In a press conference Tuesday, Michael McGrath, Cleveland’s Director of Public Safety, announced the termination of six officers and the suspension of six officers. One officer has retired since the incident.
The 13 officers fired a total of 137 shots into Timothy Russell's Chevy Malibu. Russell and his passenger Malissa WIlliams were killed after leading police on a 24-minute high-speed chase.
Both victims were shot more than 23 times.
According to Section 2929.192, the officers are not in violation of the crimes stipulated in the Ohio Revised Code and therefore eligible to collect pensions following termination.
The law lists ”bribery, engaging in a pattern of corrupt activity or theft” as the reasons for forfeiture of retirement benefits.
The officers in this case were fired for breaking police division rules and policies, not Ohio law.
Legal experts and lawyers tied to the case told newsnet5.com that the terminations could likely be reversed according to precedent.
In 2014, Sergeant Michael Donegan was fired for his role as a supervisor during the deadly chase. An arbitrator reversed that decision and restored the ranks of two officers who were demoted.
Another arbitrator threw out the charges against 18 other officers.
“Mainstream society has traditionally given the benefit of the doubt to officers to an officer’s word to an officer report,” David Malik, attorney for the Williams’ family, told newsnet5.com.
Jonathan Witmer-Rich, an associate professor as Cleveland Marshall College of Law, said arbitration process could set a dangerous precedent.
“You know that’s a real problem.
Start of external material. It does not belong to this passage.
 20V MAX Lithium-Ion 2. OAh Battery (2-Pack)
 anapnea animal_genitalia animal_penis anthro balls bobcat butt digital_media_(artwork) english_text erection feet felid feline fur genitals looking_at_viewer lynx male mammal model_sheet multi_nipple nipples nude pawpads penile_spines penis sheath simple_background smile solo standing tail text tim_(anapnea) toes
There’s a serious public safety issue if it’s not reasonably possible to discipline officers after findings of serious misconduct,” Witmer-Rich told newsnet5.com.
The Cleveland Police Patrolmen's Association has filed grievances and vowed to reinstate the terminated officers.
“The city’s going to have an opportunity to prove their case and trust me when I tell you, they don’t have one,” President Stephen Loomis said in a press conference after news of the discipline.
The CPPA released another statement Wednesday, saying in part:
Make NO mistake, the decision to discipline our Officers is shamefully political and is the direct result of the current and false narrative surrounding the facts and law enforcement throughout this country. Their decision is also in direct conflict with the Federal Consent Decree agreement between the City of Cleveland and Department of Justice, which clearly "prohibits the consideration of the high (or low) profile nature of the incident" when determining discipline.
The city now has 20 days to respond to the CPPA’s grievances before the arbitration process begins.